:: Goal of the exercise ::
Each line of data below is to be returned exactly, leaving out any picture.

Short text fragments from websites:
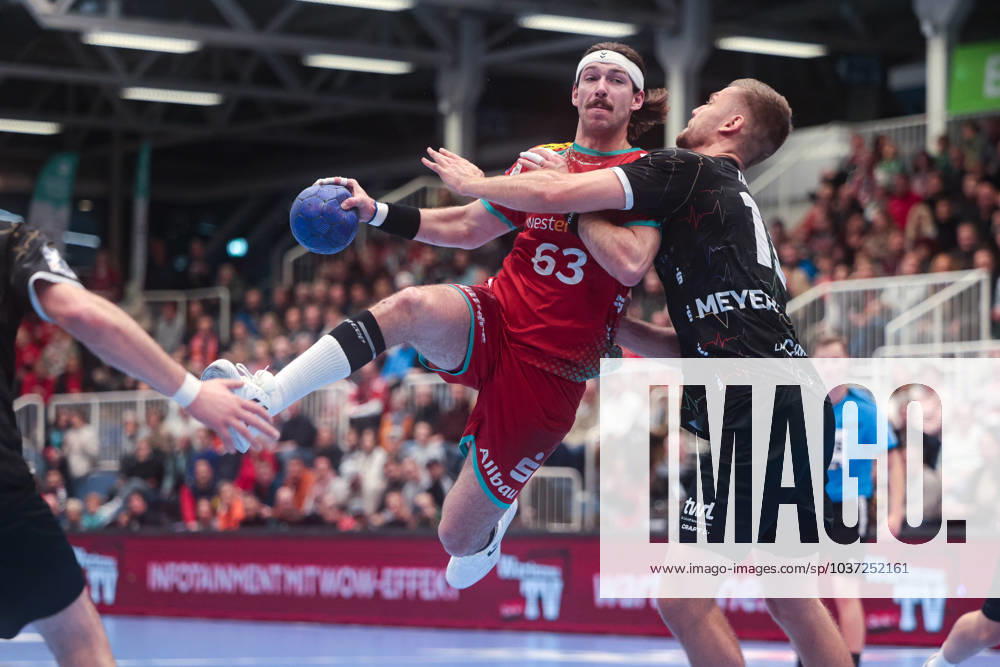 Handball, Season 2023 2024, 2 Bundesliga, HBL, Liqui Moly HBL, 13 Matchday, TUSEM Essen Eulen Ludwigshafen, f l Julius Rose TuSEM Essen , Julius Meyer Siebert Eulen Ludwigshafen , Essen Am Hallo NRW Germany xRHR PHOTO DEx
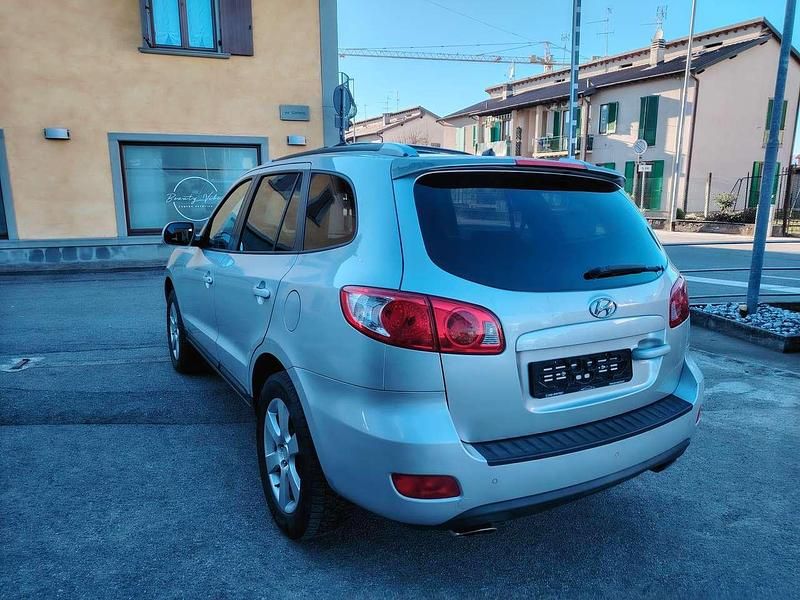 Usata Hyundai Santa Fe Dynamiq 155 CV (114 kW) 2009 Argento SUV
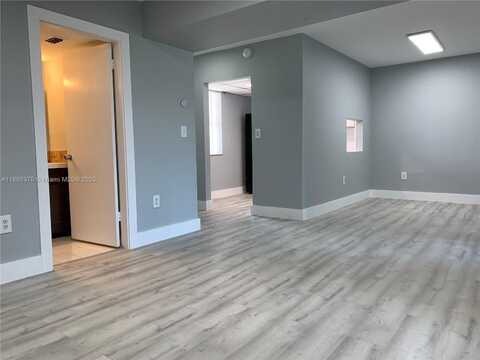 301 NW 177th St, Miami Gardens, FL 33169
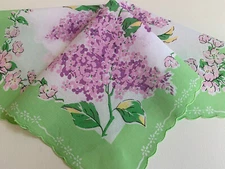 Lovely New LuRay Handkerchief Hankie!  Beautiful Lilac Flowers  ~ Scalloped Hem!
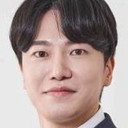 정상문 als Section Chief Kim
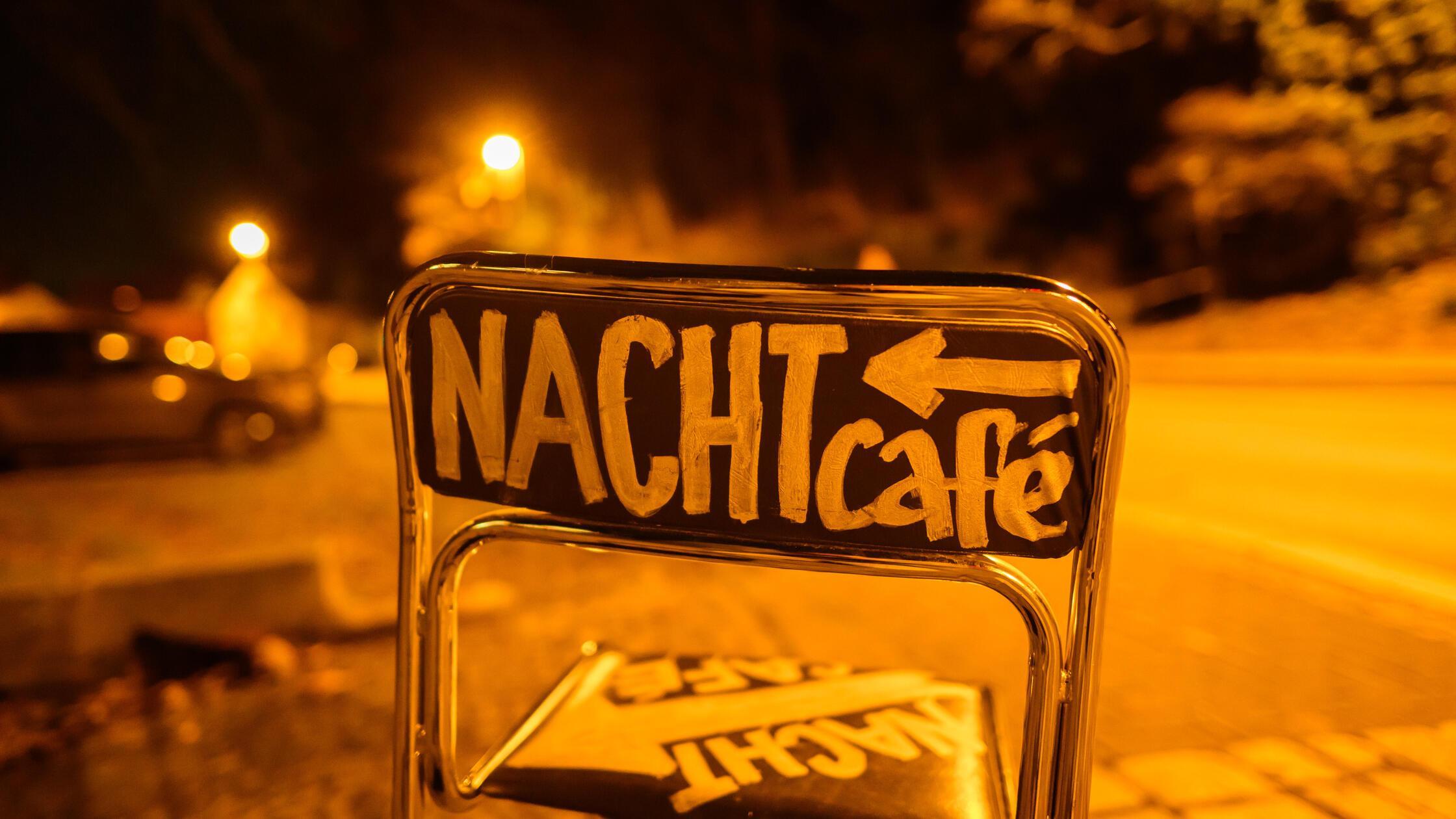 Essen-und-ein-offenes-Ohr-in-der-Kirche-Sind-Dresdner-Nachtcaf-s-ein-Modell-f-r-N-rnberg-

:: Output for this exercise ::
 Handball, Season 2023 2024, 2 Bundesliga, HBL, Liqui Moly HBL, 13 Matchday, TUSEM Essen Eulen Ludwigshafen, f l Julius Rose TuSEM Essen , Julius Meyer Siebert Eulen Ludwigshafen , Essen Am Hallo NRW Germany xRHR PHOTO DEx
 Usata Hyundai Santa Fe Dynamiq 155 CV (114 kW) 2009 Argento SUV
 301 NW 177th St, Miami Gardens, FL 33169
 Lovely New LuRay Handkerchief Hankie!  Beautiful Lilac Flowers  ~ Scalloped Hem!
 정상문 als Section Chief Kim
 Essen-und-ein-offenes-Ohr-in-der-Kirche-Sind-Dresdner-Nachtcaf-s-ein-Modell-f-r-N-rnberg-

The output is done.